▶ **Provided records**

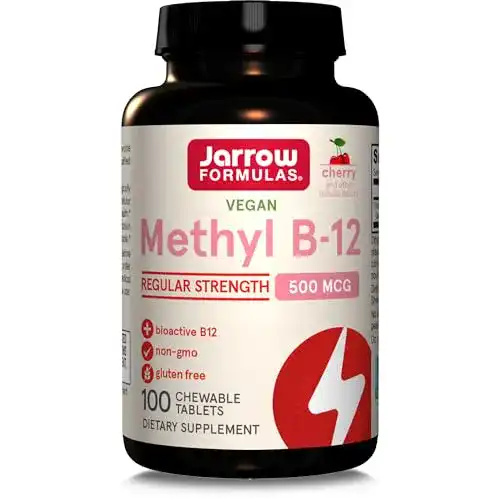 Nahrungsergänzungsmittel für Veganer Jarrow Methyl B12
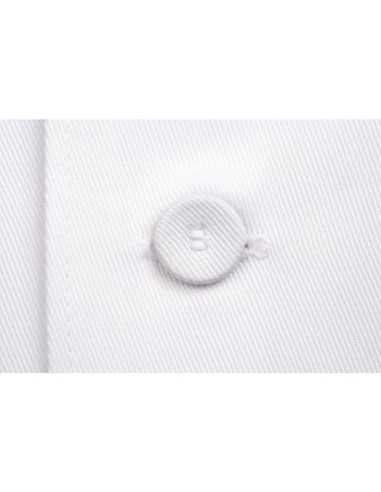 Veste de cuisine mixte blanche à manches longues Chef Works Calgary Cool Vent L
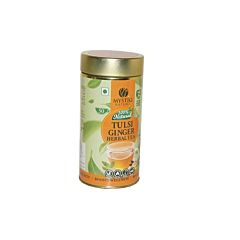 MYSTIQ Tulsi Ginger Herbal Tea 100gms 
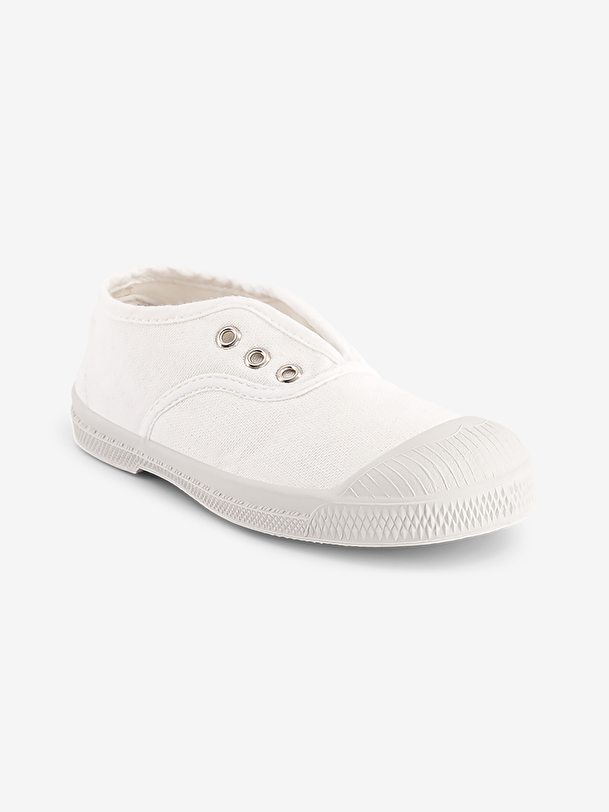 les enfants elly tennis blanc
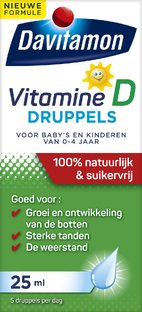 Davitamon Vitamine D Druppels 25ML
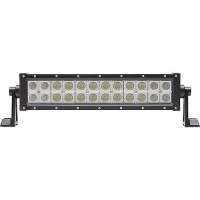 Seachoice 51681 Led Spot/Flood Light Bar, Black Housing 24 Leds, 13.6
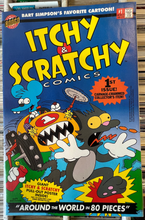 Load image into Gallery viewer, Itchy & Scratchy Comics #1 (magazine)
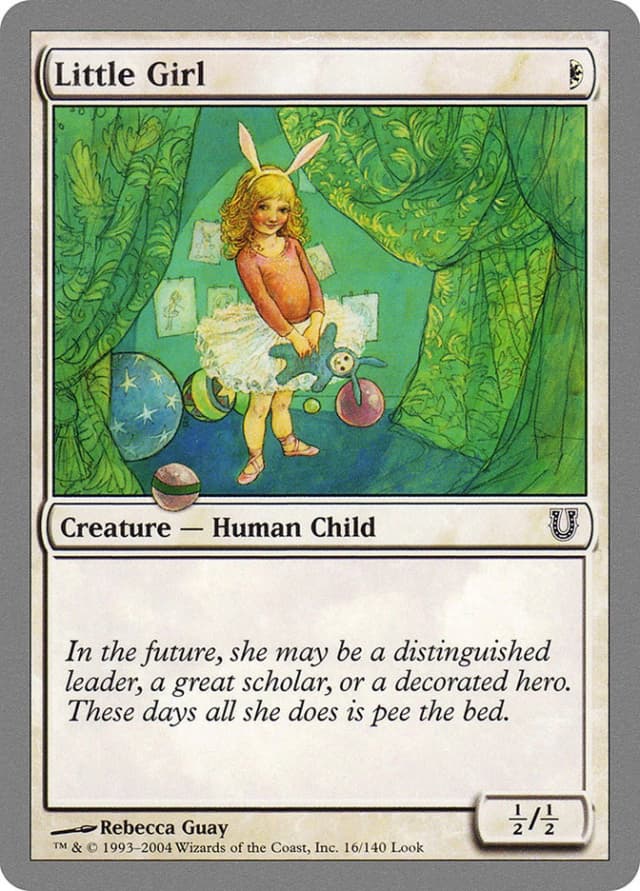 Little Girl image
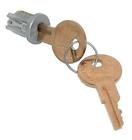 109ta Tllp 700 Hd Timberline Lock Plug Satin Nickel Keyed Alike Key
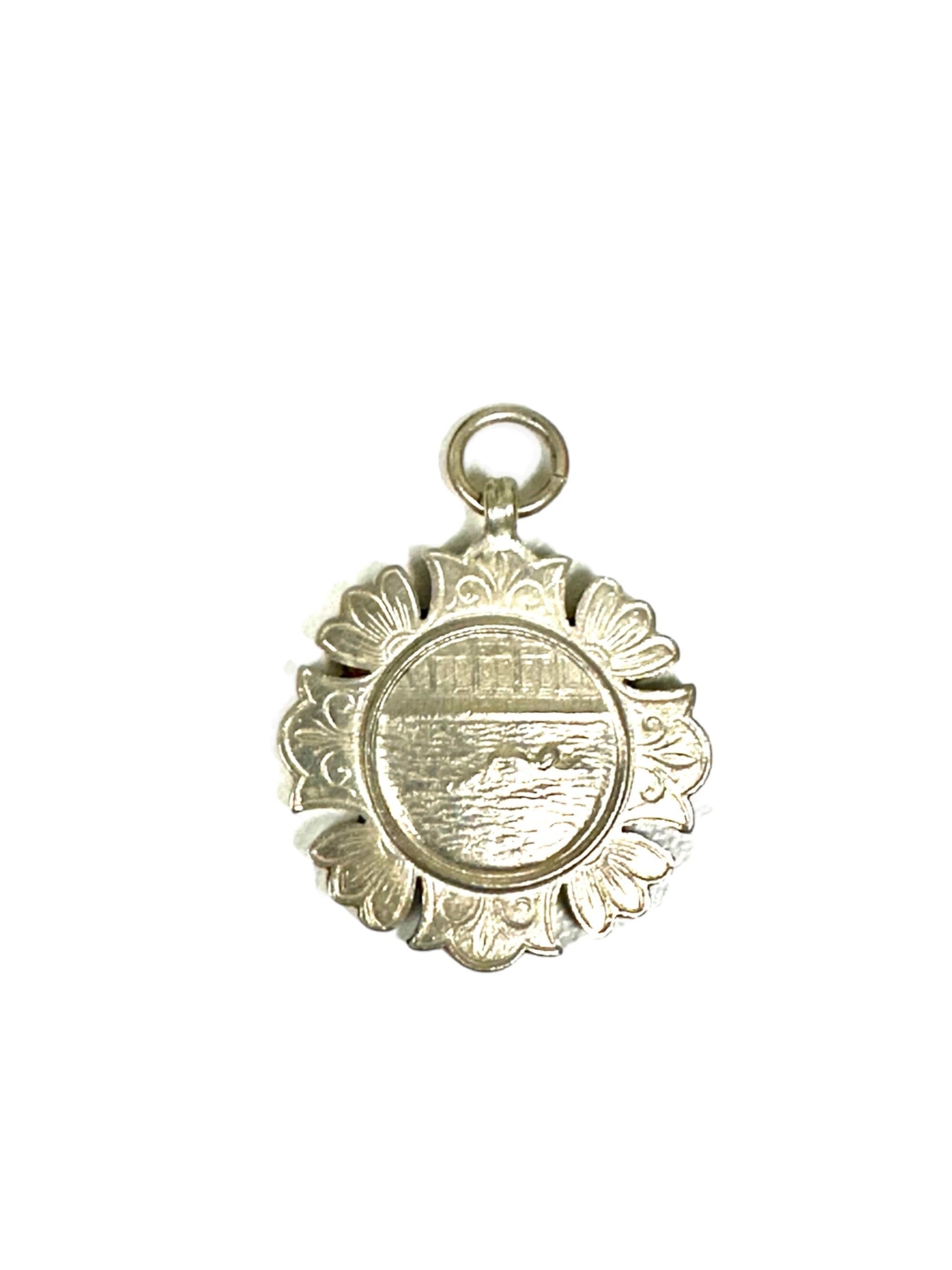 Vintage Hallmarked Swimming Medal Dated 1933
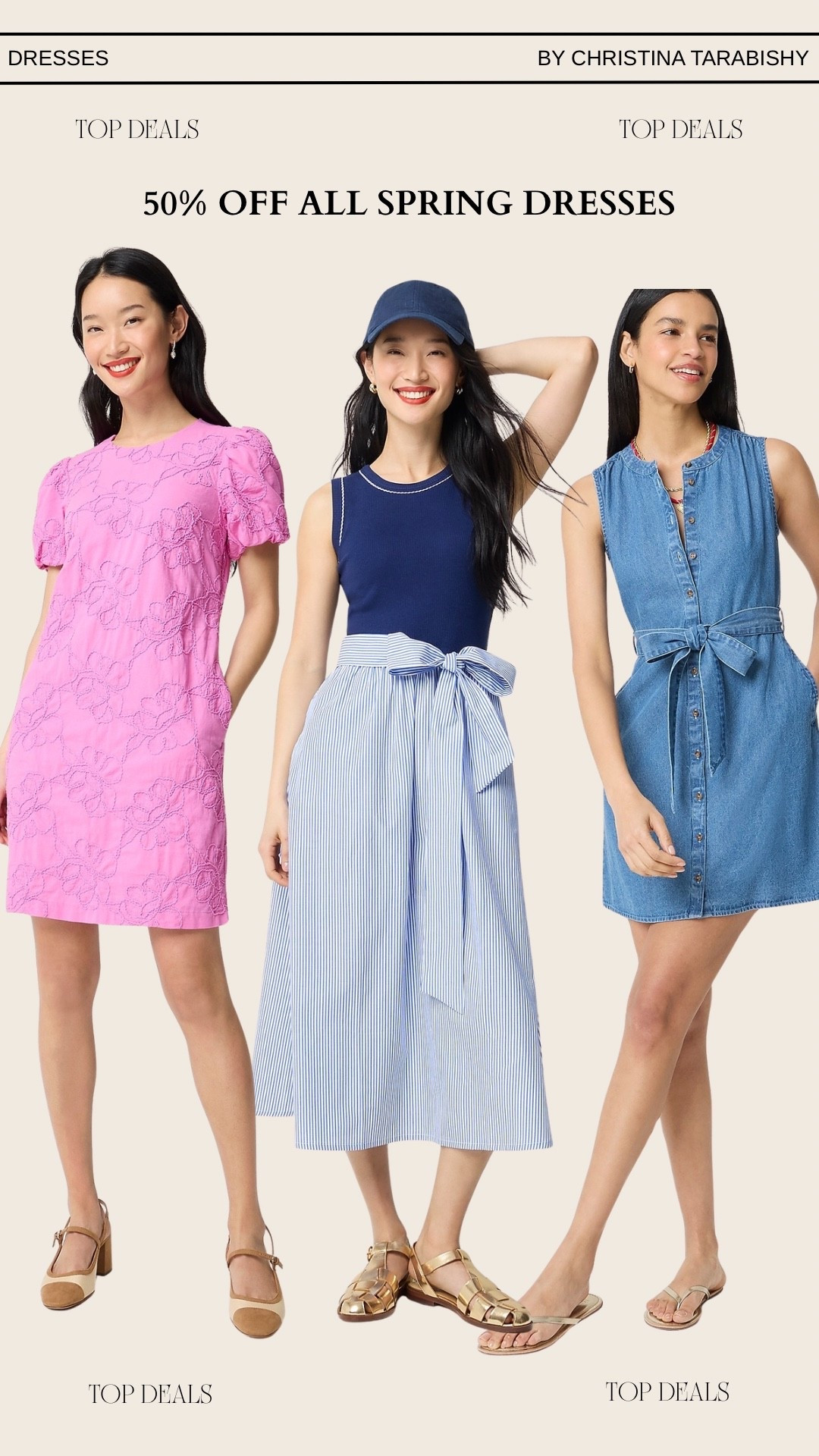 Spring Dresses on sale at @J.Crew Factory 
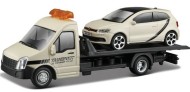Bburago 1:43 Odťahovka + VW Polo GTI biele - cena, porovnanie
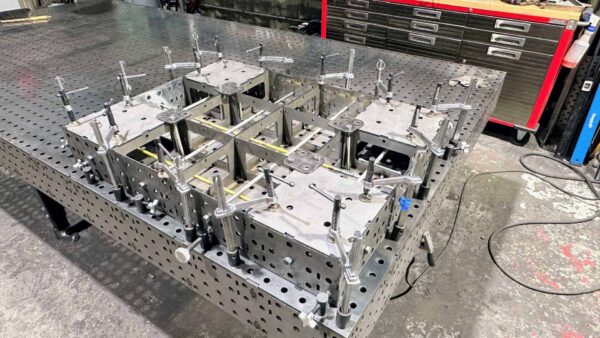 Welding Table – 30" x 40" Fully Fabricated Weld Tables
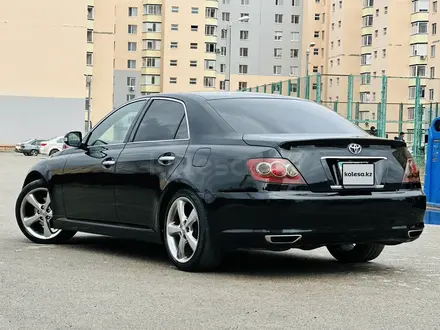 Toyota Mark X 2009 года за 5 200 000 тг. в Актобе – фото 4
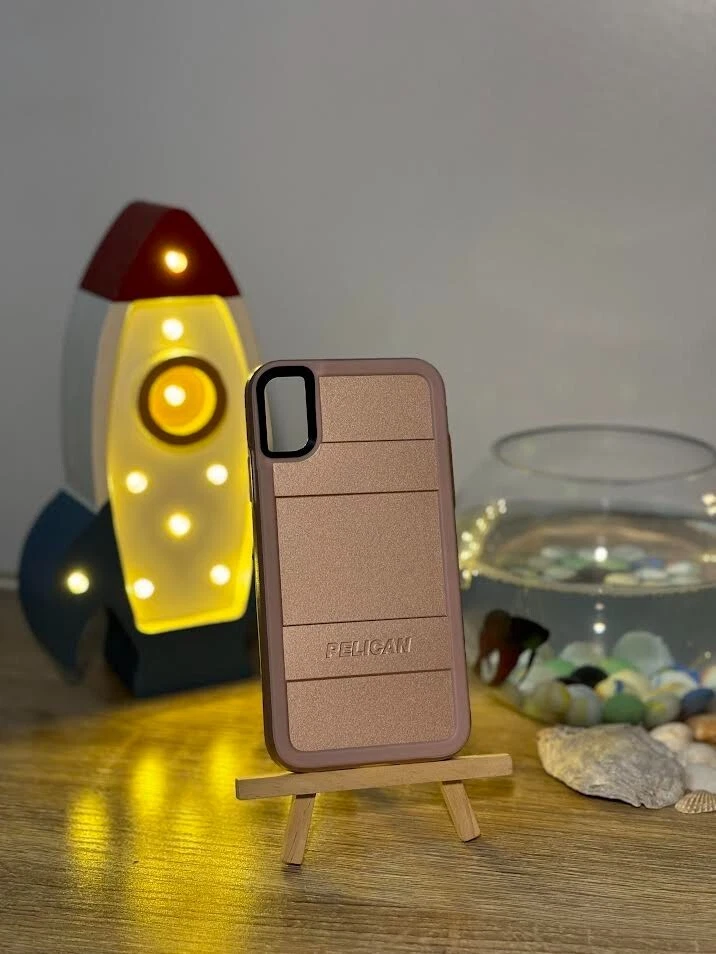 OEM Original Pelican Protector iPhone X / XS Metallic Rose Gold Cover Case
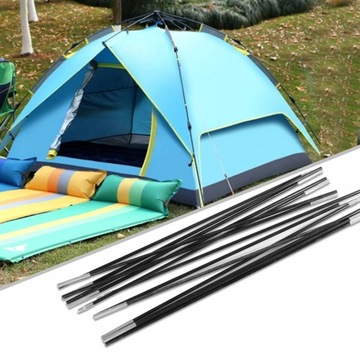 2 ОПОРНЫЕ ТРУБКИ ДЛЯ ПАЛАТКИ, БРУСКА 7ММ, 7ММ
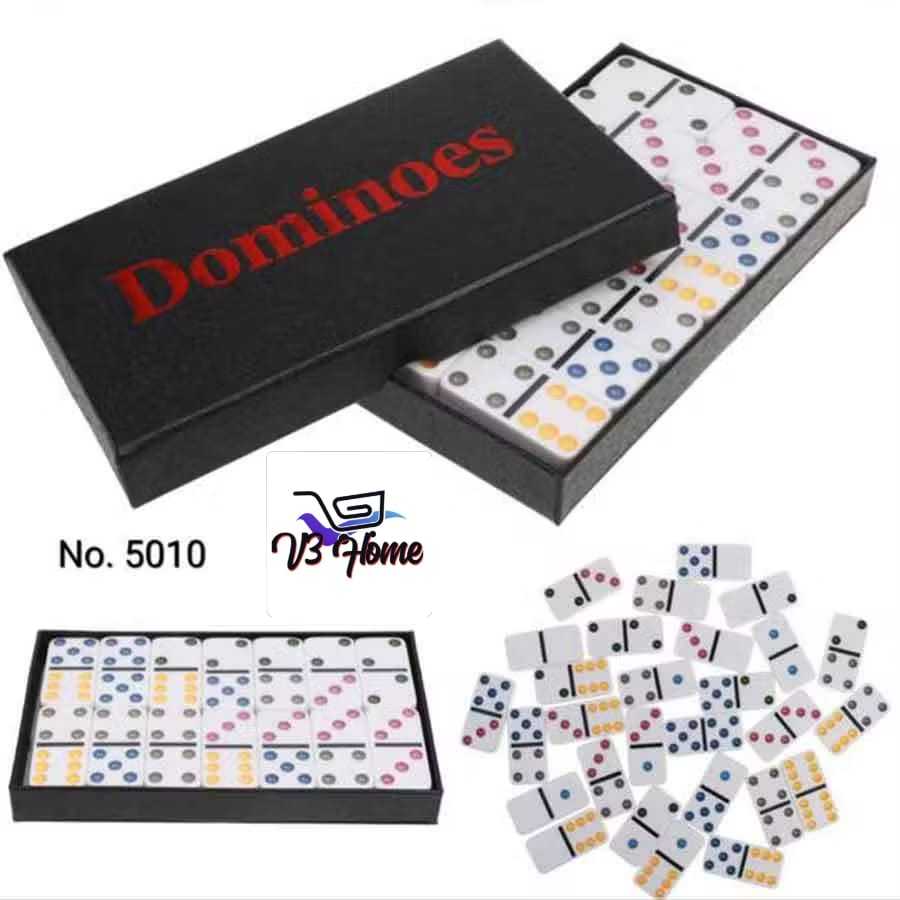DOMINO GAPLE BATU DOUBLE SIX ROX ORIGINAL ISI 28 | Dominoes | Domino | Dom Batu | Dam Batu | Gaple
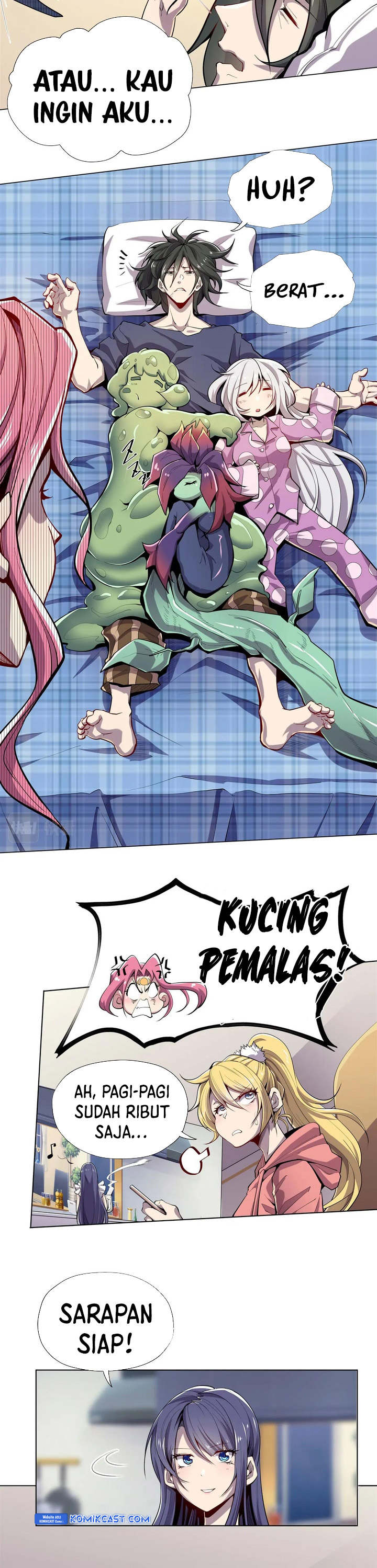 Hero? I Quit A Long Time Ago Chapter 488 End Gambar 4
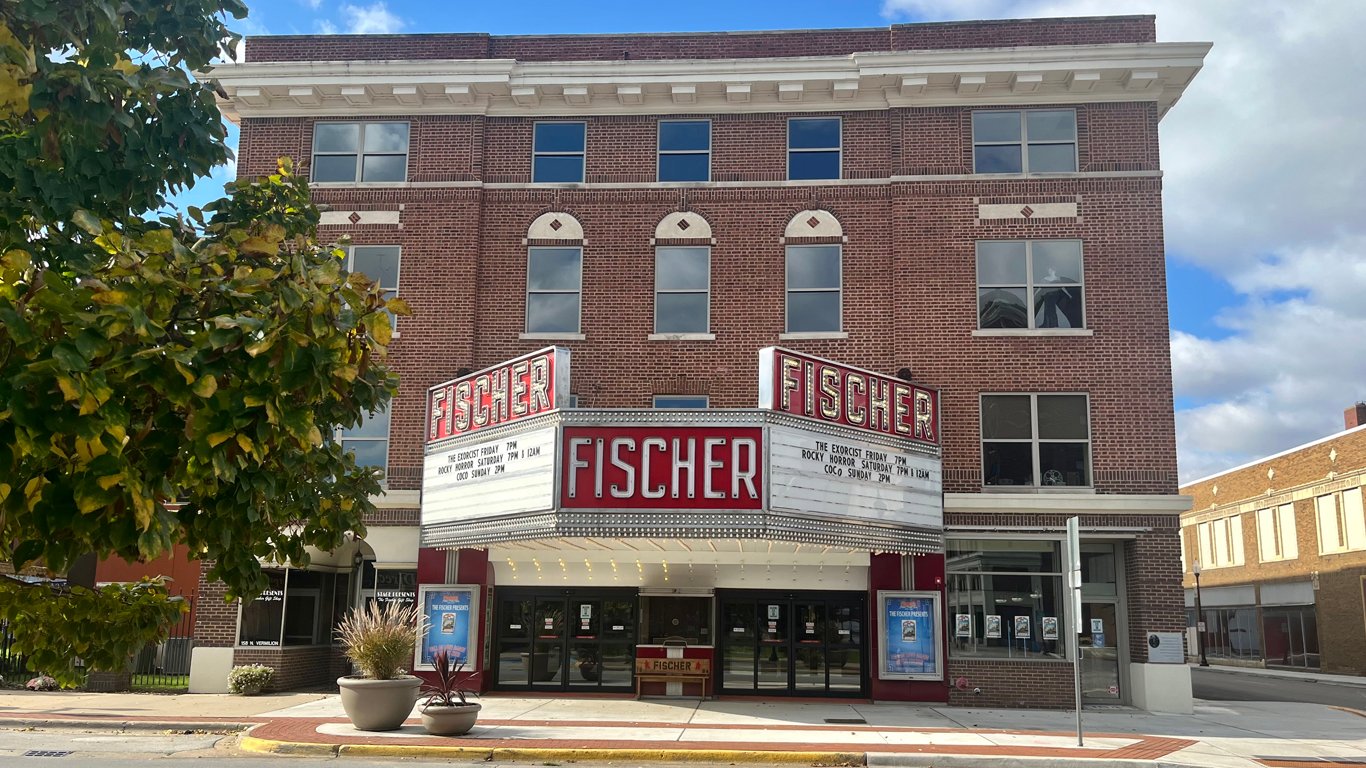 Fischer Theatre by Cole Jackson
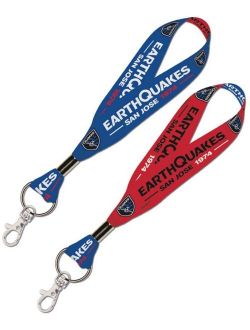 Multi San Jose Earthquakes Key strap Hangtag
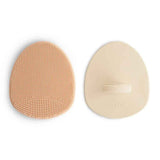 Mushie® Cradle Cap Brush-2 pack Blush/Shifting Sand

▶ **Exercise**
For this exercise, return the records above in full and exactly, omitting the images.

▶ **Exercise solution**
 Nahrungsergänzungsmittel für Veganer Jarrow Methyl B12
 Veste de cuisine mixte blanche à manches longues Chef Works Calgary Cool Vent L
 MYSTIQ Tulsi Ginger Herbal Tea 100gms 
 les enfants elly tennis blanc
 Davitamon Vitamine D Druppels 25ML
 Seachoice 51681 Led Spot/Flood Light Bar, Black Housing 24 Leds, 13.6
 Load image into Gallery viewer, Itchy & Scratchy Comics #1 (magazine)
 Little Girl image
 109ta Tllp 700 Hd Timberline Lock Plug Satin Nickel Keyed Alike Key
 Vintage Hallmarked Swimming Medal Dated 1933
 Spring Dresses on sale at @J.Crew Factory 
Bburago 1:43 Odťahovka + VW Polo GTI biele - cena, porovnanie
 Welding Table – 30" x 40" Fully Fabricated Weld Tables
 Toyota Mark X 2009 года за 5 200 000 тг. в Актобе – фото 4
 OEM Original Pelican Protector iPhone X / XS Metallic Rose Gold Cover Case
 2 ОПОРНЫЕ ТРУБКИ ДЛЯ ПАЛАТКИ, БРУСКА 7ММ, 7ММ
DOMINO GAPLE BATU DOUBLE SIX ROX ORIGINAL ISI 28 | Dominoes | Domino | Dom Batu | Dam Batu | Gaple
 Hero? I Quit A Long Time Ago Chapter 488 End Gambar 4
 Fischer Theatre by Cole Jackson
 Multi San Jose Earthquakes Key strap Hangtag
 Mushie® Cradle Cap Brush-2 pack Blush/Shifting Sand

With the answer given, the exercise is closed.